Wheelspin Frenzy is a top-down racer, a bit like the excellent Mantis Burn Racing. The camera position is where this similarity ends though. The art-style is a lot more stylised with a sort of cel-shaded appearance. The actual art design comes across really nicely. The cars are distinctive, and all have a sense of fun to their appearance. The same can be said of the various items and scenery scattered around the track. Unfortunately, this is the only positive thing that can be said about the visuals. The biggest issue is the fuzzy nature of the graphics. I had to check that this wasn’t just a mobile game that had been given a quick port to Xbox. Turns out that’s not the case though. At the time of writing this, Xbox One is the only platform this game is available on. I wondered whether it was because I was playing on a 4K TV with my Xbox One X, but I also tried it on my One S on a smaller TV and had the same issues. As well as the fuzzy visuals the framerate is not as stable as it should be. I experienced several frame drops during my run through the game.

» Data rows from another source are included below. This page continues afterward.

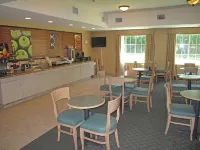Comfort Inn & Suites Near Six Flags & Medical Center - breakfast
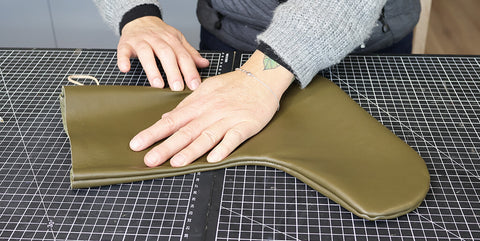 chaussette de Noël en cuir - botte cheminé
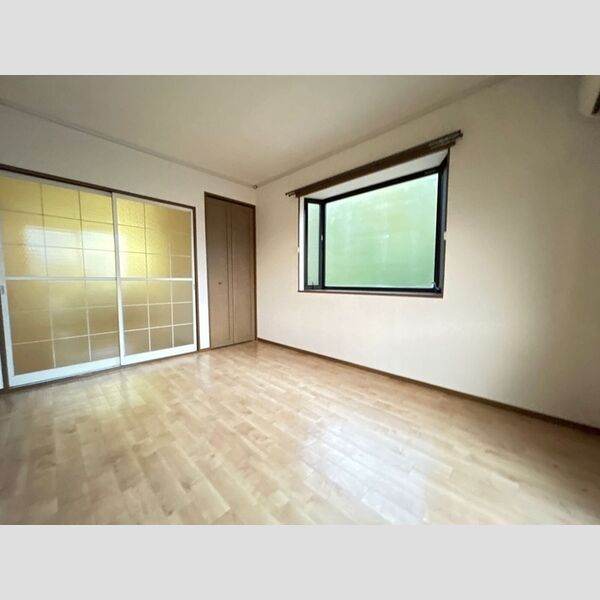 その他 (南側洋室)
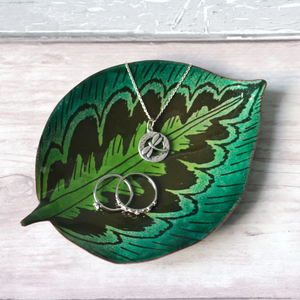 Calathea Medallion Dish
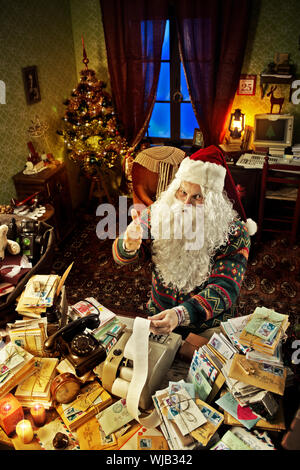 Ritratto di Babbo Natale mostra pollice in alto Foto Stock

The visual flaws could be forgivable if the gameplay was compelling. Unfortunately, that isn’t the case. The handling model is passable but doesn’t offer much of interest. The AI of your opponents is very poor. I decided to try an event racing as coaches, and my opponents kept throwing themselves over the side of a cliff. I’ve also had races where two of my rivals just crashed into a wall and kept each other in the same spot long enough for me to lap them once or twice. There is a boost meter, but it’s never really explained how to fill it. I assumed at first that it was from powersliding (this is a game called Wheelspin Frenzy after all), but it appears to be from crashing into objects around the track.
One of the most important parts of any racing game are the tracks that you race on. The circuits offered here are passable but nothing special. The 20 tracks featured here aren’t particularly long or complex which is just as well as you will often have to learn them as the camera doesn’t always give you enough time to react to corners appropriately. The four different locations for the tracks have a nice level of variety, though, for my taste, there isn’t a big enough difference in grip levels between some of the track surfaces.
The audio in the game is also somewhat lacking. Sound effects like engine noise, collisions, and track noise are incredibly lacklustre. What music there is, is perfectly passable (in a retro 16-bit style) but there just isn’t enough of it. Songs are played over and over again. I understand it costs money to put music in your game, but if you want a gamer to spend 3-5 hours playing your game, then you should have at least 30-40 minutes of music.
I go into every game I play with the hope that it’s going to be great and that’s only increased when it’s a racing game. Alas, Wheelspin Frenzy fell far short of even my basic expectations for a cheap and cheerful little indie game. While I would never expect this to be the next Forza, games like Mantis Burn Racing have shown how an indie developer can make a superb top-down racer. The visuals are poor, the audio is sub-standard, and it’s light on content. I know this is a very cheap title but even at that price-point it just isn’t worth it.